Souley Keïta : Il y a des symboliques fortes dans le film, est-ce que le rôle d’un agent et d’un recruteur dans le film, c’est d’embellir ou de détruire une carrière?
Justin Leyrolles-Bouchard : Pas vraiment, dans certaines gestuelles, je montre juste que je me dissocie de la carrière de mon cousin car on a personnage qui est tanné et qui pose enfin des limites.
Vincent Graton : Tu le vis comme une trahison, donc tu réagis à cela. C’est sa volonté, en tant qu’agent, de refaire surface dans une réalité autre. Dan Gé, pour moi, est une figure paternelle, protecteur. Souvent on peut imaginer un agent ou recruteur dans le rôle de méchant alors que là ce sont des personnages qui viennent donner une clé pour réussir. C’est sûr qu’il y a des agents malhonnêtes, dans mon métier comme dans bien d’autres mais il y a aussi des bons agents dans leur approche. Je pense que mon personnage de Dan Gé est de cette trempe. La scène de la toilette est un moment charnière, car à partir de ce moment, si on avait une suite et, tant qu’à romancer, on se dit qu’il aurait pu prendre J-P sous son aile.
Vincent Biron : Ah ! Moi je le veux ce film-là (rires), je veux que l’on fasse une suite comme une sorte de Jerry Maguire québécois.
Souley Keïta : Vous avez le rôle de mentor éphémère, peut-on considérer votre personnage comme celui qui va enfin permettre l’envol de J.P. vers son rêve ?
Vincent Graton : Absolument ! Il lui donne une clé et c’est un peu comme s’il donnait à J-P, le secret de famille. J’aime bien l’idée du secret de famille car il redonne de la puissance, du crédit et à partir de là on sent que J-P va aller loin.
Souley Keïta : Est-ce que c’est le drame d’une vie de ne pas atteindre nos rêves ou de ne pas considérer la seule chance que la vie va nous offrir ?

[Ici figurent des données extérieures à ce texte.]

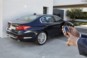 foto: 26 BMW 530d xDrive Luxury 2017 remote parking.jpg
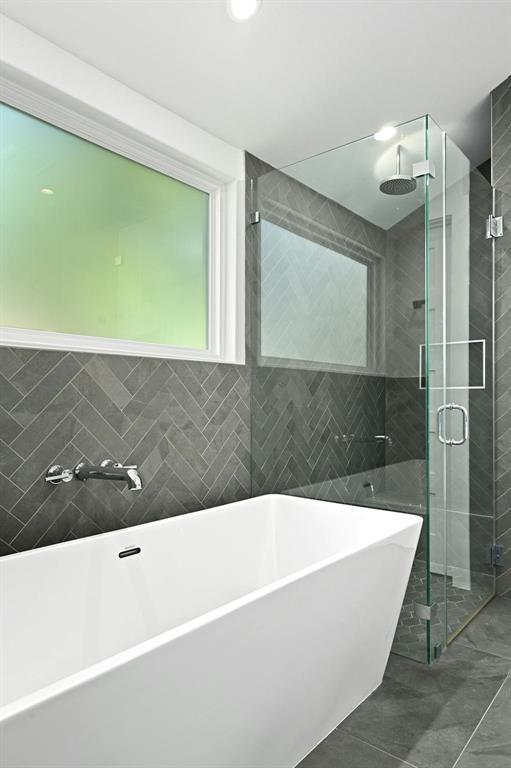 5212 Huisache St # 2, Austin, TX 78751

Vincent Graton : Je suis plus vieux que les boys (rires). Au Québec, on avait de la difficulté à rêver pendant de nombreuses années et pour rêver, cela a pris du temps. J’ai été entouré d’hommes, comme mon père, qui rêvaient sans nécessairement se mouiller. C’est comme si le rêve pour une génération était, en quelque sorte, inatteignable. Quand j’ai lu le scénario, cela me parler d’un certain passé, je pense que nous nous sommes affranchis et cette histoire est venue vraiment me chercher, par rapport à cette impuissance que nous pouvions avoir. J’ai quatre enfants, la première chose que je dis à mes kids, c’est que si tu as un rêve, on va s’organiser pour le mettre en place. Le monde qui n’est pas capable d’accéder à leur rêve m’amène à une tristesse infinie, surtout s’il n’y a pas eu de tentative.
Vincent Biron : Je vais rebondir sur ce que tu dis. Le grand drame de Yves, c’est qu’il n’a pas atteint son rêve et s’est arrêté sans en chercher un autre. Comme Yves aime le dire dans le film : « La vie est compliquée et on fait notre gros possible. »
Les rêves n’arrivent pas tout le temps, la tragédie de ce personnage est de rester bloquer sur le fait de ne pas avoir eu sa grosse carrière.
Une comédie dramatique sur le hockey qui sort aujourd’hui, vendredi 22 novembre 2019, pour terminer l’année en apothéose et sur la glace dans notre belle Maison du Cinéma.